Clearly Ubuntu is not where canonical want to put their investment. It's hardly surprising as Ubuntu's popularity has been declining for years. Shuttleworth may have finally realised what many of us knew years ago: Ubuntu was never going to challenge Windows or Mac on desktop/laptop PCs and it was never going to be a revenue stream (any attempts to make it so were badly implemented and failed). In the meantime Android came along and all their efforts seemed futile, the rest is history.

One of the main failings of Unity is that it is open source in the technical sense only. It was created by canonical for it's products and attempts by others to build on other distributions (such as Fedora) ultimately failed.
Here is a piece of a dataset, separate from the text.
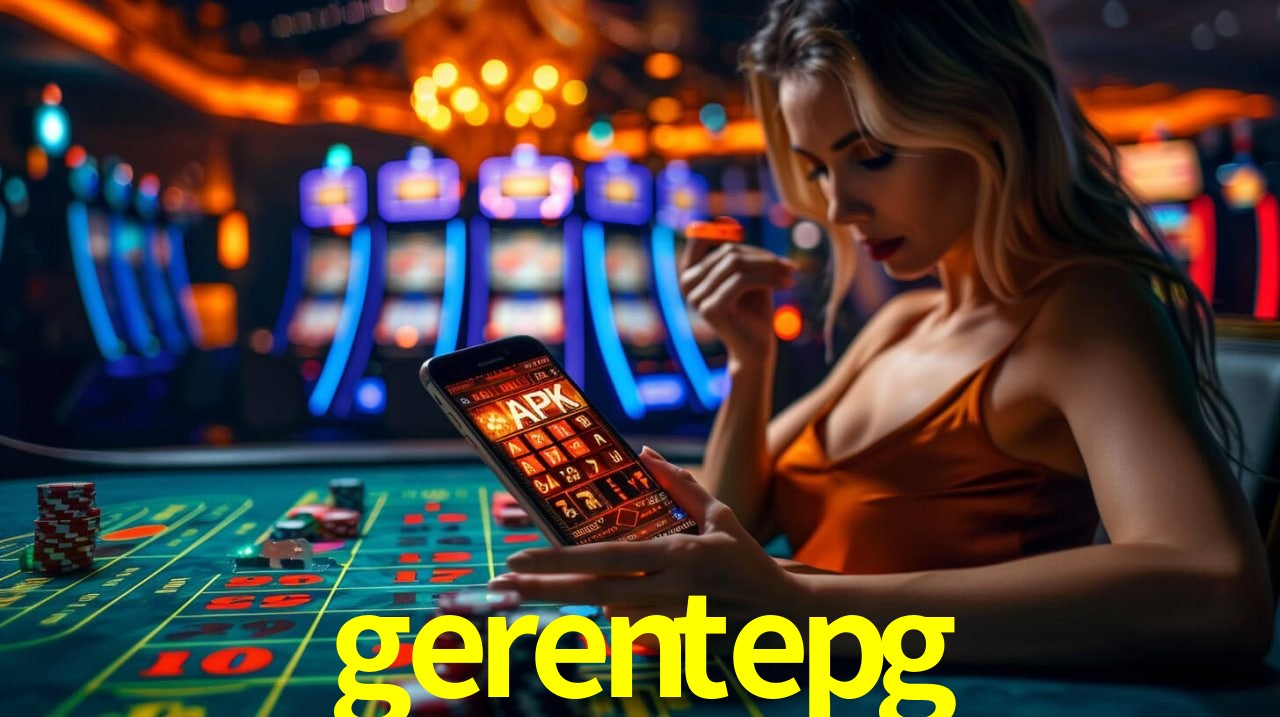 Roulette Table gerentepg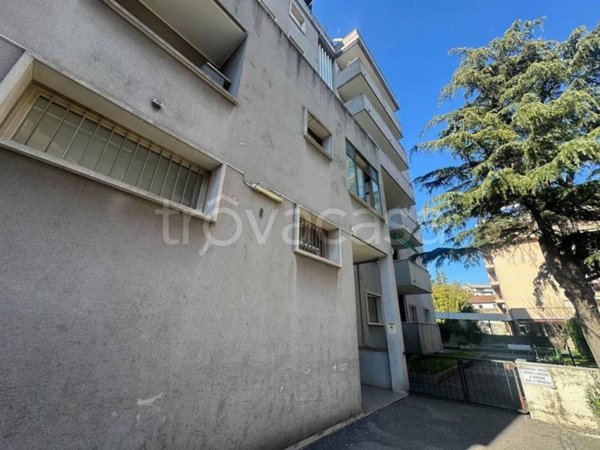 appartamento in vendita a Monfalcone in zona Bagni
And this is where canonical sadly missed the point. gnome at least produce a desktop which can be built on other distributions and even ported to other *nix. canonical chose to cast all of this aside and go "completely in house" and lose the contributions of thousands of other developers - all working for free and to start hacking libraries, etc.

This is where Canonical's model failed and where Red Hat's has undeniably succeeded.

The writing is on the wall for Mir - the single biggest point of failure of which is the GPL3 licensing + Canonical's own CLA (Contributor License Agreement). This will ensure it remains an in house project. I can't see the sense in external "contributors" submitting code under those terms, particularly when there is an MIT licensed alternative.